Short-Term Portfolio (STP):  Not many changes in 3 weeks.  We gave up on our GLL puts as gold was just too annoying and we added a long play on IMAX in anticipation of Star Wars giving them a pop beginning next week but, other than that, we have the same hedges we've had for a while.  One of them is the super-aggressive 100 SDS March $19 calls, which we paid $17,500 for and still haven't seen a return on – and that's why we haven't been moved to add more yet.  

They have time and they have position because, as you can see, SDS popped to $25 in Aug and $24 in late Sept and that would be about $50-60,000 of protection on just those calls and then our SQQQ's would kick in for up to another $45,000 – so it's GOOD protection but not GREAT when the LTP can lose $32,000 on a 70-point drop in the S&P and we're still 162 points above 1,850.  See why I'm nervous?  CASH!!! is so much simpler to balance…  

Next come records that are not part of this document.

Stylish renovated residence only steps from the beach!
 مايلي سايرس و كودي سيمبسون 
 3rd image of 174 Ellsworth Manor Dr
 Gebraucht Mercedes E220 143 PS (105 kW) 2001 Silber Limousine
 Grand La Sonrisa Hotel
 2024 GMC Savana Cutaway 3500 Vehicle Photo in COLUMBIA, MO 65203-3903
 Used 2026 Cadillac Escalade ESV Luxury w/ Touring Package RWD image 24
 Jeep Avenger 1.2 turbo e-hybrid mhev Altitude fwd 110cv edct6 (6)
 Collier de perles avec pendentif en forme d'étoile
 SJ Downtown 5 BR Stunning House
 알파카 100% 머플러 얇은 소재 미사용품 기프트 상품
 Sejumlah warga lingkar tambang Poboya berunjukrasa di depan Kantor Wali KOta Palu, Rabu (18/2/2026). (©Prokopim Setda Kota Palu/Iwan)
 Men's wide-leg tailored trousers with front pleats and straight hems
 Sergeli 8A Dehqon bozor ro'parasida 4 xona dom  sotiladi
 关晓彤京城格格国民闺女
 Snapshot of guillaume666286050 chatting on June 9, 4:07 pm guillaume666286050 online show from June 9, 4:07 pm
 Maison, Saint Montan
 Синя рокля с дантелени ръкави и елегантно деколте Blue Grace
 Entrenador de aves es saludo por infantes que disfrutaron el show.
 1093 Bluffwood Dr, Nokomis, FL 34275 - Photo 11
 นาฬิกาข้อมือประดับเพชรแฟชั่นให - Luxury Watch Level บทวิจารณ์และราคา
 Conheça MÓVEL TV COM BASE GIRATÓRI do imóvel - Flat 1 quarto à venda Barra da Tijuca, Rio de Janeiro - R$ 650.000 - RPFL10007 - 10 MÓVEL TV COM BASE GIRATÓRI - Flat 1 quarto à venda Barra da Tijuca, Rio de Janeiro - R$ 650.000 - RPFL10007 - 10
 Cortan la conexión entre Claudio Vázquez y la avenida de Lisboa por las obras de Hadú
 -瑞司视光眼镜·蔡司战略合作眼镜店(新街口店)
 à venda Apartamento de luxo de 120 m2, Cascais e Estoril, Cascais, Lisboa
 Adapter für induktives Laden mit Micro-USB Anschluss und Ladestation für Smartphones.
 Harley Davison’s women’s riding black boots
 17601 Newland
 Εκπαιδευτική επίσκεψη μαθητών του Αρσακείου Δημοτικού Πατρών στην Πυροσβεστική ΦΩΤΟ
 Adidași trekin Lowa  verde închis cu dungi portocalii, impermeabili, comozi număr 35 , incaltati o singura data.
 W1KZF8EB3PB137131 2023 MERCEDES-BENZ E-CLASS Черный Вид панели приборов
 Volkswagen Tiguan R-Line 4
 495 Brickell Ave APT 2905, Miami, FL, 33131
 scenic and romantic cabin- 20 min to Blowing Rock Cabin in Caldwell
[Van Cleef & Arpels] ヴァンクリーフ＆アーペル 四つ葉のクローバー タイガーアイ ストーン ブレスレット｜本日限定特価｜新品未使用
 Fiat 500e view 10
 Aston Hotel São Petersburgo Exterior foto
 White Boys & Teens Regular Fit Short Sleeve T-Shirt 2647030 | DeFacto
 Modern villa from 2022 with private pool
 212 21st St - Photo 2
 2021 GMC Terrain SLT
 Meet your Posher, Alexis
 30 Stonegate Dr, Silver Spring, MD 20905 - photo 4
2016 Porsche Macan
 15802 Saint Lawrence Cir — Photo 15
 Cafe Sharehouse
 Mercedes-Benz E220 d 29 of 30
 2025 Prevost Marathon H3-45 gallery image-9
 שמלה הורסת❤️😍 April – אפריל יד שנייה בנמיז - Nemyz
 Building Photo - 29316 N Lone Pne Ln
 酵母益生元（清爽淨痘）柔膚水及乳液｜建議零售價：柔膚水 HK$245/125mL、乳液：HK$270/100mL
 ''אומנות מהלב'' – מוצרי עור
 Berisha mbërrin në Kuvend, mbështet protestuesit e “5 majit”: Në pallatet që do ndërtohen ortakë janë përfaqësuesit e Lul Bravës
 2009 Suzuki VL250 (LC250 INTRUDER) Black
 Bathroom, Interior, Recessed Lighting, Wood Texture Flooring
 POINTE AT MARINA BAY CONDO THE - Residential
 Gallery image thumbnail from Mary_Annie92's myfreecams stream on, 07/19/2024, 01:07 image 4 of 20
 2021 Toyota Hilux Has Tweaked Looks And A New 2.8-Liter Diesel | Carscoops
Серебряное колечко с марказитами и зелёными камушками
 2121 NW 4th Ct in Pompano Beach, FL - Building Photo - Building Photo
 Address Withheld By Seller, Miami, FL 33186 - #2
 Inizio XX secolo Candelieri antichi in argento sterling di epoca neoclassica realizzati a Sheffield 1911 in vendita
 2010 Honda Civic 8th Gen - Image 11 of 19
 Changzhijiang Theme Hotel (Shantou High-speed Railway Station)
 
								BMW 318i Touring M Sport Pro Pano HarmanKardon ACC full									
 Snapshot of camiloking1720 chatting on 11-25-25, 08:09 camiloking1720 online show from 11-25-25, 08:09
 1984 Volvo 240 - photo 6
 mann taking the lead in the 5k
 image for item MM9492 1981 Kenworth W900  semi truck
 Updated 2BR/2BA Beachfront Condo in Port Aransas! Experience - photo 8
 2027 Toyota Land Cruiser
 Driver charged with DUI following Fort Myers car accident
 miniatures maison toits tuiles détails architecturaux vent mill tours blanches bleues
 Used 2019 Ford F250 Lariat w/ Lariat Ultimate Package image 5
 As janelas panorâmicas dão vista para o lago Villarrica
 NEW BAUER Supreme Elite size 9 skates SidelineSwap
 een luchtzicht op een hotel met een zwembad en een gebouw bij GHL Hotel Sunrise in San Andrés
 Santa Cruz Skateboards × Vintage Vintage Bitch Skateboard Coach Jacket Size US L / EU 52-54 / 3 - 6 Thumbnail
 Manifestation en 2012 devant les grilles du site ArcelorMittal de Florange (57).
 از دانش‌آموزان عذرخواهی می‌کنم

As noted above, SDS and SQQQ are our primary hedges and they are good for about $100,000 worth of protection (and we have a few TZAs too) but they are already worth $25,750 so only $75,000 more protection or pretty much exactly to the Must Hold line on the S&P at 1,850.  Looking at this chart – you can see why we've been reluctant to overhedge by protecting ourselves below that line:

If 1,850 does finally fail – that's when we'll all wish we were in CASH!!! because it will be a huge scramble to add more hedges againts another $100,000 loss in the LTP.  That's why we collected $22,000 for some AMZN short calls, $5,700 for TSLA short calls and $4,800 for FAS short calls ($32,500) plus we have the 5 BWLD puts that are already up a few thousand.  Still, we have to be very careful around the Fed and we'll need to get more aggressively short if we get a bad reaction to their decision on Wednesday.  

In addition to those plays we have an FXP spread that's doing quite well (waiting for expiration to collect) and our GLD and SDS plays should do well if there's a real panic – we'll just have to wait and see how it plays out.  

Long-Term Portfolio (LTP):  Another reason I'd like to shut this portfolio down is because it forces us to look for all new positions with potential, rather than sticking with ones we liked a year ago.  I just published a 2016 Watch List for our Members on Monday and those are stocks under consideration for LTP plays but, even with $880,832 in virtual cash in that portfolio, we're still using $1M in margin and only have about $300,000 in buying power left.  

The solution will be (if needed) to move cash from the Short-Term Portfolio to the Long-Term Portfolio, which is what we're supposed to do with short-term profits in our paired portfolios, but that will then make us less flexible for adding cover.  We could trim 10% of our margin requirement by moving the 20 short NFLX calls to the STP or just dumping them (about even now) but we're not pressed yet so no rush. 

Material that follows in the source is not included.